Nos gouvernants s'intéressent à la diaspora non seulement comme force financière mais aussi c'est un réservoir électoral. La dimension culturelle est absente de la démarche des autorités sénégalaises. Ainsi, la France dispose d'une Alliance française la Chine, comme l'Inde ou Israël ont des réseaux culturels puissants. Il s'ajoute à cela que les Sénégalais ayant acquis la nationalité du pays de leur résidence ou leurs descendants sont considérés comme des «traitres» ou des «complexés». Erreur tragique que de mépriser ces Afro descendants !

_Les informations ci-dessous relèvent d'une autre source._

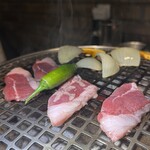 焼肉ホルモン 風土. - 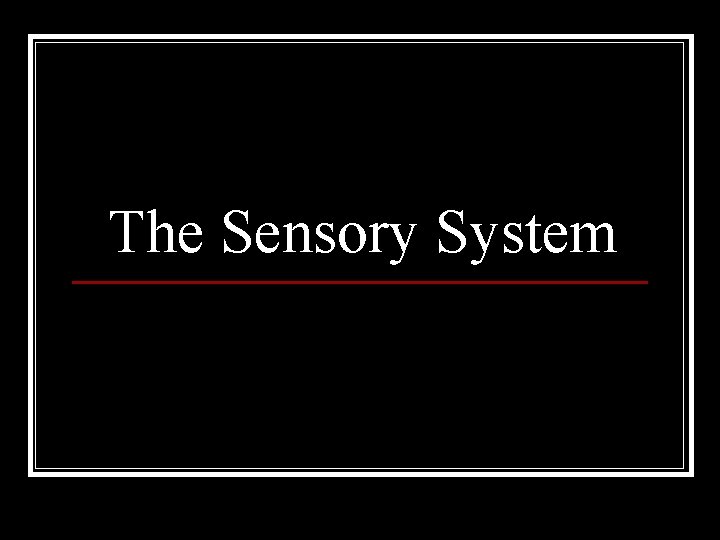 The Sensory System 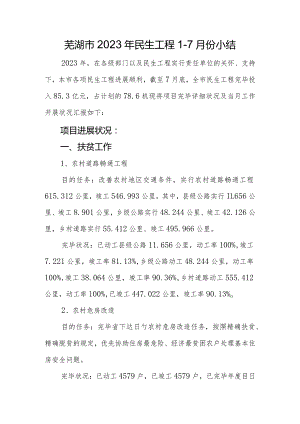 芜湖市民生工程综述.docx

En vue d’une gouvernance des problématiques plusieurs pistes de réflexion peuvent être esquissées :
- des permanences mensuelles ou trimestrielles des députés de la diaspora dans les consulats ou missions diplomatiques en vue de venir en appui aux démarches ou projets de la diaspora ;
- un recensement actif et permanent, sans démarchage politique, de la diaspora ;
- un recrutement des retraités installés au Sénégal, notamment les cadres ou ouvriers spécialisés, en vue de la formation et la professionnalisation des jeunes sénégalais non diplômés, une sorte d’école de la seconde chance ; les ouvriers sénégalais de France ont travaillé dans de grandes entreprises notamment du bâtiment, de l'automobile ou d'autres secteurs bien pointus ; ils ont un grand savoir-faire à valoriser ;
- un réseau de communication exclusivement culturel de maintien de la relation entre le Sénégal et ses diasporas ;
- un État civil rigoureux, de qualité loin de certaines influences ou de la corruption ;
- une réforme profonde de l'IPRES ;
- Favoriser les stages ou l'emploi les afrodescendants, et permettre aux diplômés du barreau français d'exercer au Sénégal ;
- une liberté de transfert des fonds, dans le respect de certains standards éthiques.